• **Dataset records**:
━━━━
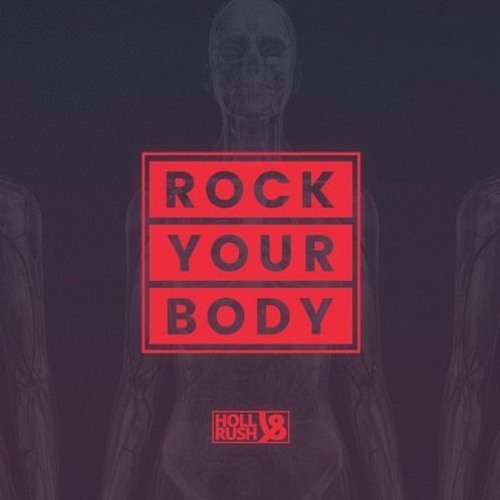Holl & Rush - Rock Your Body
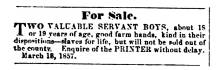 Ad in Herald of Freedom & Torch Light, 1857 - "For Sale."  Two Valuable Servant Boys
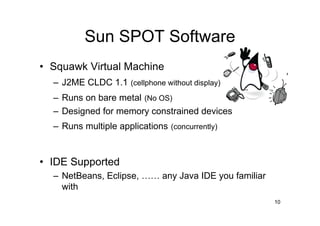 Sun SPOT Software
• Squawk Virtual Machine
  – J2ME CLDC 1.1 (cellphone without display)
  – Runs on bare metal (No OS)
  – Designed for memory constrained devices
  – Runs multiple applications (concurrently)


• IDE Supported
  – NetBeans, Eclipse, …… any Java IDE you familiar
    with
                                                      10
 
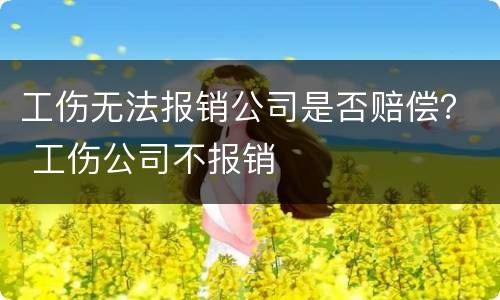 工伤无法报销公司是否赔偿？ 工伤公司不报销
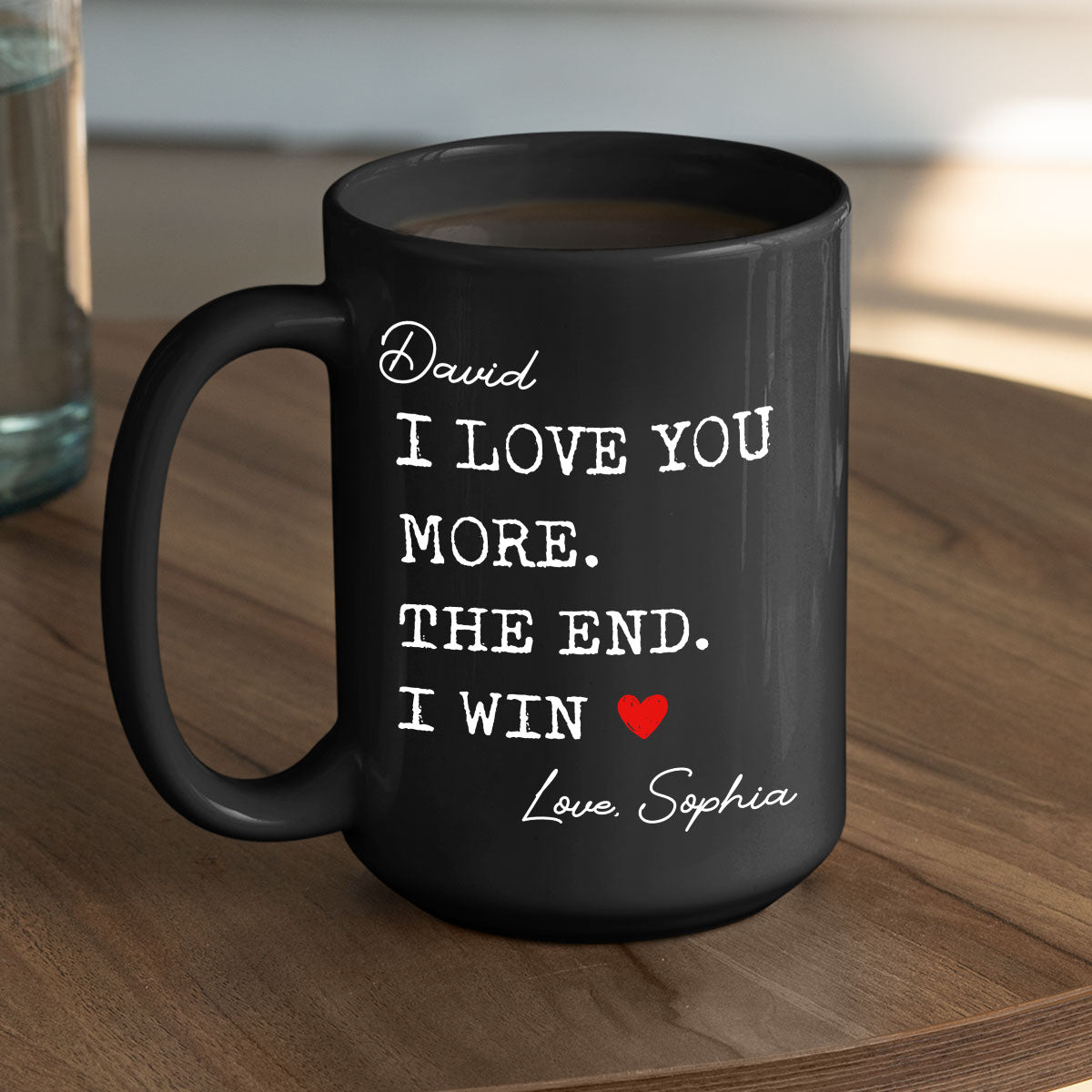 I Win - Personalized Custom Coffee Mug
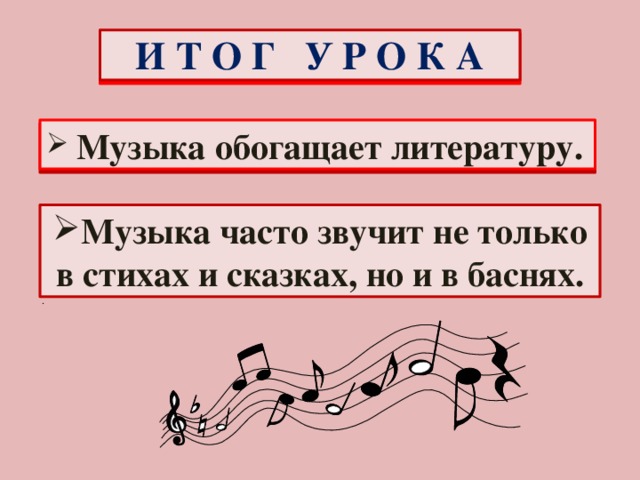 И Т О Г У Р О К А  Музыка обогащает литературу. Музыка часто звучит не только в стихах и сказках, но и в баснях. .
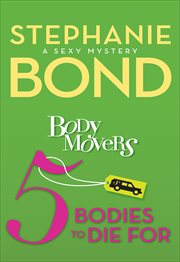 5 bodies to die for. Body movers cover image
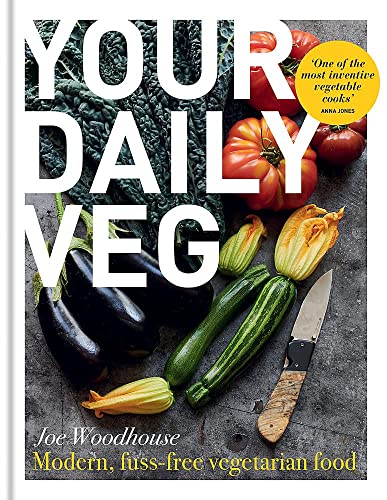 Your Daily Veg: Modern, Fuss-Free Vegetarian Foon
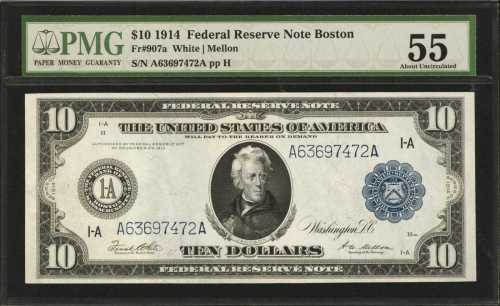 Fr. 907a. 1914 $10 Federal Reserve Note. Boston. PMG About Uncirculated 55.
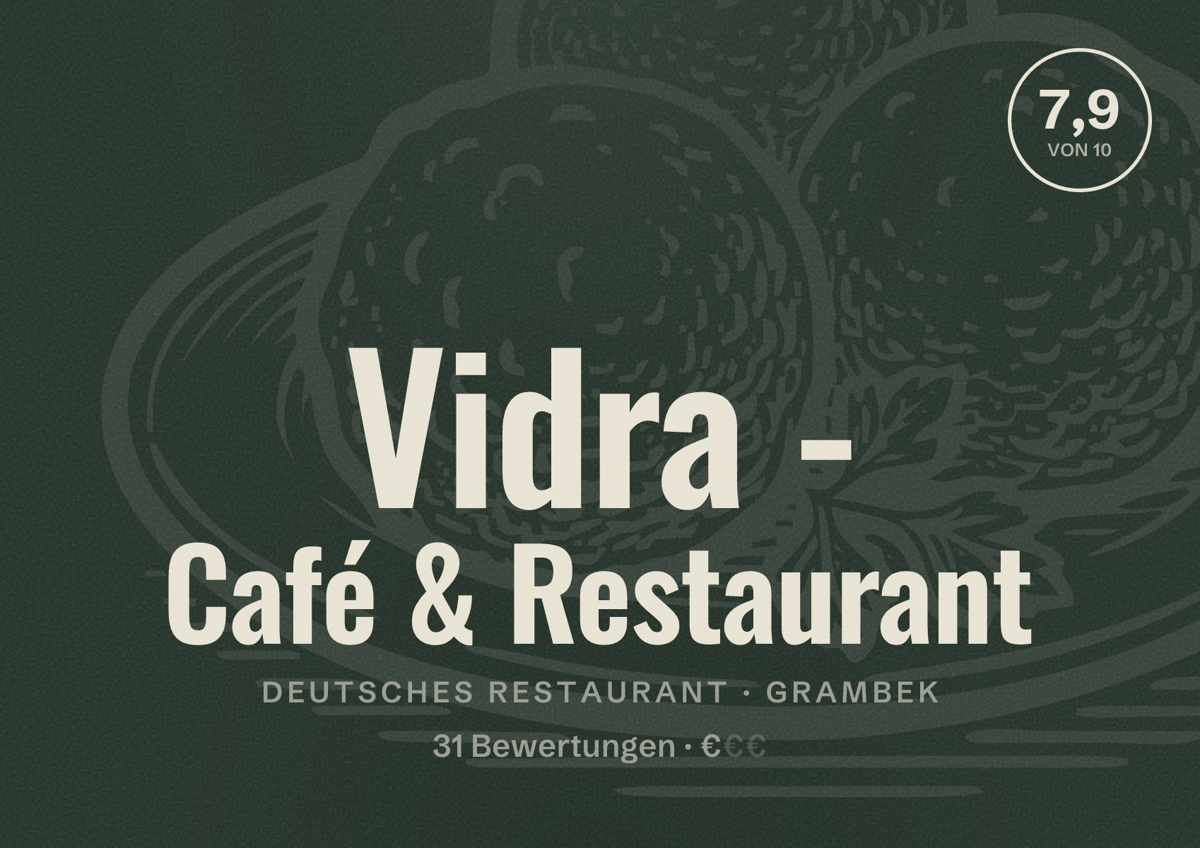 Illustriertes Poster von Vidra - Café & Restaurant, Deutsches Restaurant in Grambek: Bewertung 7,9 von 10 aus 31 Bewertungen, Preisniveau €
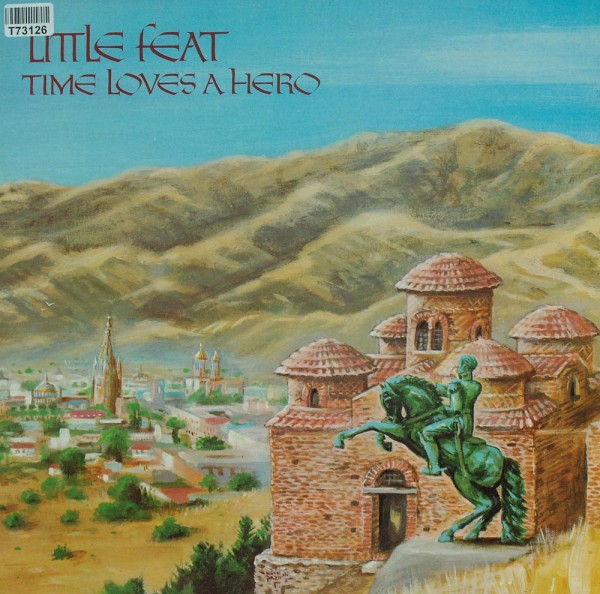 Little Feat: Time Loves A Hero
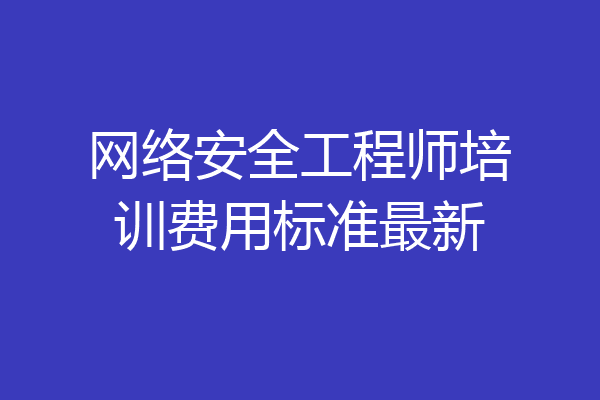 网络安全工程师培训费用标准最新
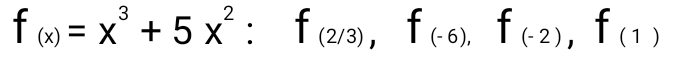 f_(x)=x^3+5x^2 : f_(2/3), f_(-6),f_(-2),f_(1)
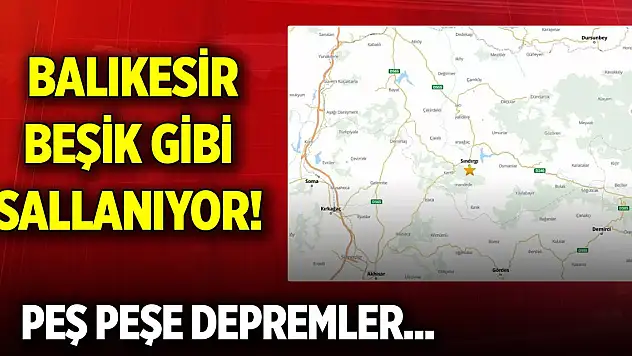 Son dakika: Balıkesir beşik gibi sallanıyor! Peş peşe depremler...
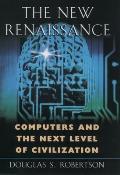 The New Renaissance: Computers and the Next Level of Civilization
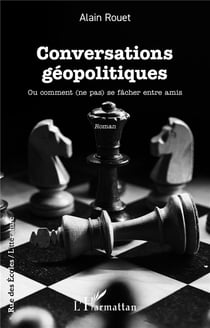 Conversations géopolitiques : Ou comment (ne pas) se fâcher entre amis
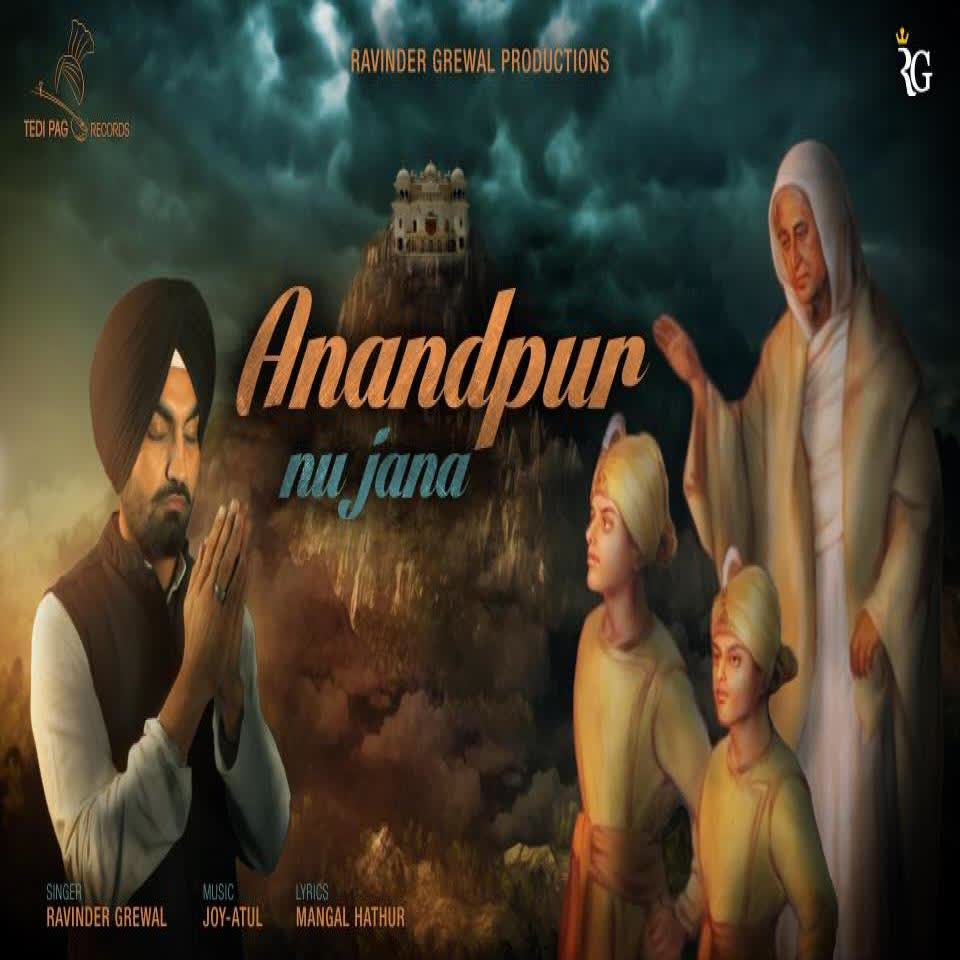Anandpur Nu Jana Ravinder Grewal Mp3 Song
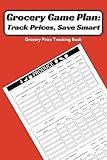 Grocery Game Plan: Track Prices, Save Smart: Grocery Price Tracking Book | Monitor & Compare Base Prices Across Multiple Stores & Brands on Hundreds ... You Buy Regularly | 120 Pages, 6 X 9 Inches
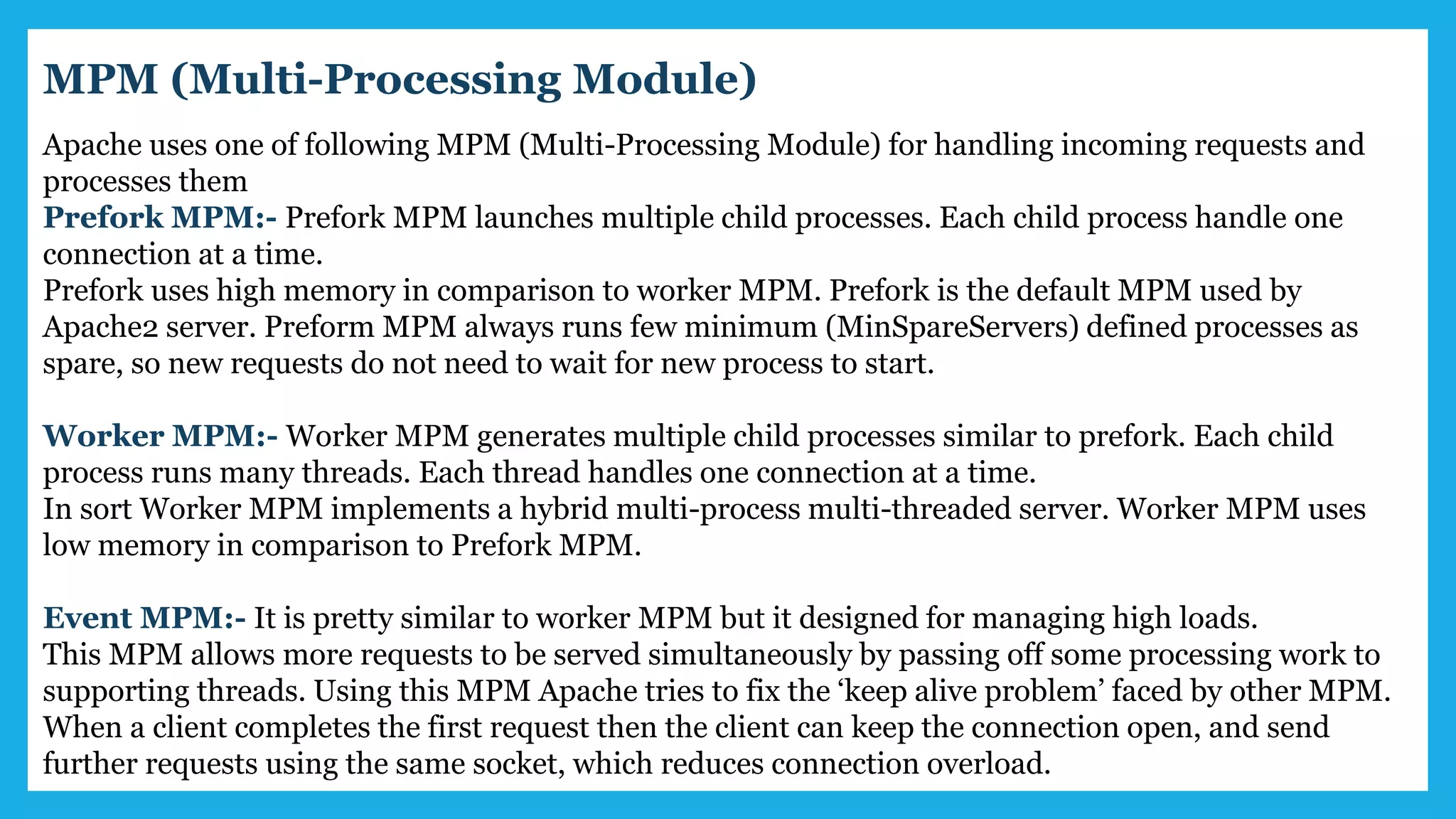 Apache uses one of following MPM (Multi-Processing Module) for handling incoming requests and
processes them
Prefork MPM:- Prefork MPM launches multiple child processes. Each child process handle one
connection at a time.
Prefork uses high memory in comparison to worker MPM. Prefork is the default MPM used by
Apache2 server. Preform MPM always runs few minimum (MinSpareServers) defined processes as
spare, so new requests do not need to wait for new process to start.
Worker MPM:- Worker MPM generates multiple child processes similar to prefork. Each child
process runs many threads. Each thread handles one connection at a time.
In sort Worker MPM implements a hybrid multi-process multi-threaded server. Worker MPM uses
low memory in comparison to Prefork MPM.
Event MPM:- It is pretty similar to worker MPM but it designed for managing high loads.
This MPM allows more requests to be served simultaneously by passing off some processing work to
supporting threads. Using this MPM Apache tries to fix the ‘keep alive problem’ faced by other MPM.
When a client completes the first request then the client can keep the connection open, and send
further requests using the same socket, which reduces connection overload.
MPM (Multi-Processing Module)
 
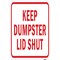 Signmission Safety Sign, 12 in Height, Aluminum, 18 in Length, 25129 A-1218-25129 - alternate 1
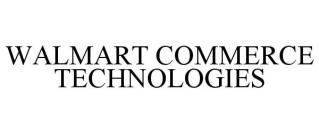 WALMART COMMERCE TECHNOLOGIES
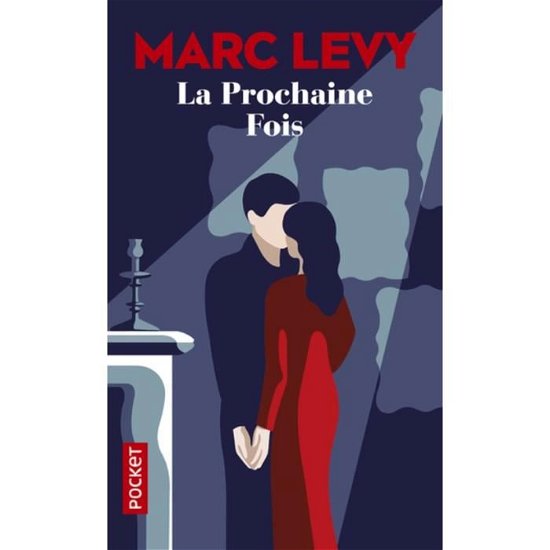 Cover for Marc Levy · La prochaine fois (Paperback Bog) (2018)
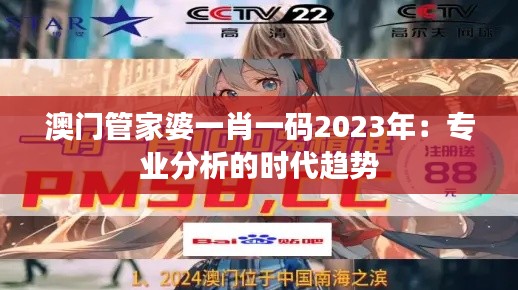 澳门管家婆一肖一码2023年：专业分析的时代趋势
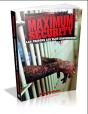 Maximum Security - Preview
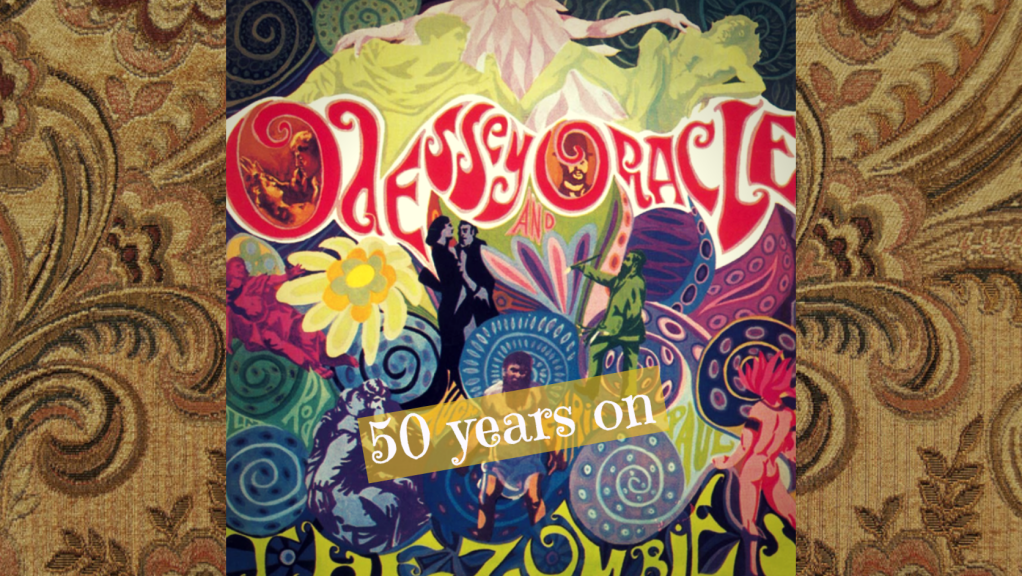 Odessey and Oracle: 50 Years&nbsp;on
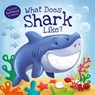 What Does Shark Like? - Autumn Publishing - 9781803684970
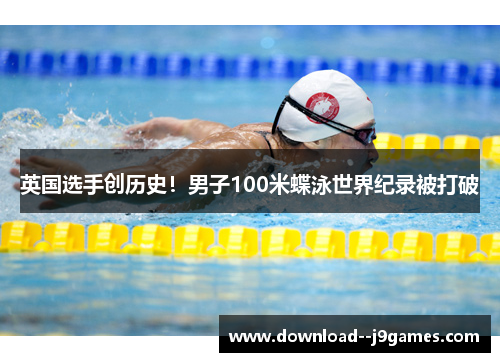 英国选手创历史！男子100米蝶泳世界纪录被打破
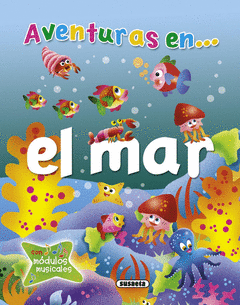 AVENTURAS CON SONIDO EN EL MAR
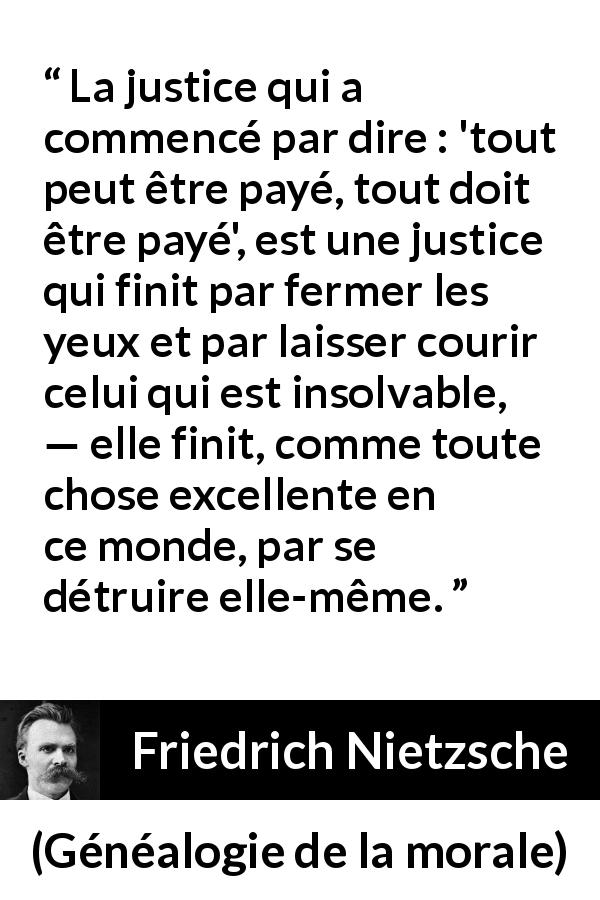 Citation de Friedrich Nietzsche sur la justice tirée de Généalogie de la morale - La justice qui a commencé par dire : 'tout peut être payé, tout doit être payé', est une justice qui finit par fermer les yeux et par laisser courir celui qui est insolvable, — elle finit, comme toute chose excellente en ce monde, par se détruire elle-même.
━━━━
• **Activity**: Which lines of the data include the string "connection"? Find them and copy each one.

• **Solution to this task**:
connection at a time.
process runs many threads. Each thread handles one connection at a time.
When a client completes the first request then the client can keep the connection open, and send
further requests using the same socket, which reduces connection overload.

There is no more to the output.